How to find the probability of one die roll being higher than a second die roll? And the catch is the first die has $x$ sides, while the second die has $y$ sides, where $x\neq y$
I had this figured out several years ago, but apparently have forgotten both the answer and too much math since then to either work it out or figure it out from Googling.
Similar questions have been asked before, but all the answers are simplified to two dice with the same number of sides on the symmetry that $P(A>B) = P(B>A)$, which does not hold true for my case. What I need to know is:
Given two discrete, uniform distributions, what is the probability that a sample from the first is strictly greater than a sample from the second?
Given $X$ distributed uniformly in $\lbrace0,1,2,3,...,x\rbrace$ and
Given $Y$ distributed uniformly in $\lbrace0,1,2,3,...,y\rbrace$
How can I find $P(X>Y)$?
 A: 
Let these dots be the points $\{(x,y): x\in X, y\in Y\}$. What is the ratio of number of points under the line $y = x$ marked black against the total number of points?
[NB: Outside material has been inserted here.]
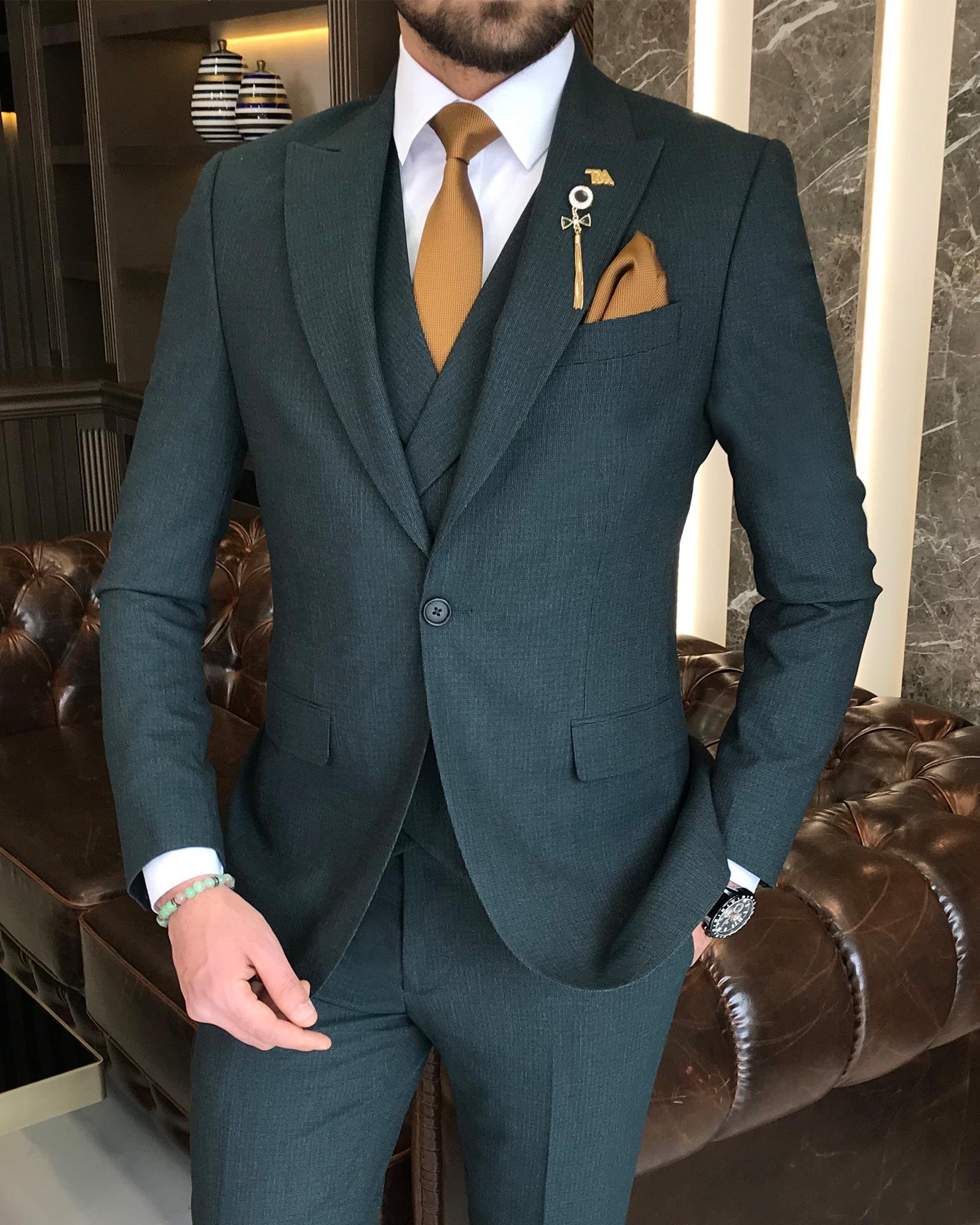 Italian style slim fit men's jacket vest pant suit green T9132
This picture is for $x\ge y$. How does the picture look when $y\ge x$?

Alternatively by law of total probability
If we assume $x\ge y$, then
$$P(X>Y) = \sum_{j = 1}^y P(X>j)P(Y = j) = \sum_{j = 1}^y\frac{x-j}{x}\cdot \frac{1}{y} =\frac{1}{xy}(xy-\frac{y(y+1)}{2}) $$
I intentionally didn't simplify the last expression, because $(xy-\frac{y(y+1)}{2})$ is the total number of black points, and we divide by total number of points $xy$. Now you can see the connection between probability method and geometric meaning.
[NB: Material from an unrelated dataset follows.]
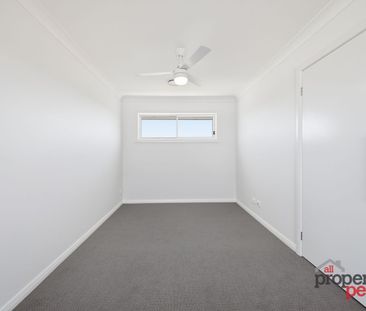 Luxurious Family Living - Photo 2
Now for the case $y\ge x$, we have 
$$P(X>Y) = \sum_{j = 1}^x P(X>j)P(Y = j)$$
I encourage you to work this out and draw a picture.

[EDIT]
As discussed in the comments, 
$$P(X>Y) = \sum_{j = 1}^{\max(x,y)} P(X>j)P(Y = j) = \sum_{j = 1}^{\min(x,y)} P(X>j)P(Y = j) $$
because when $j$ goes beyond $\min(x,y)$ then either $P(X>j) = 0$ or $P(Y = j) = 0$. Also this can be verified from picture as well.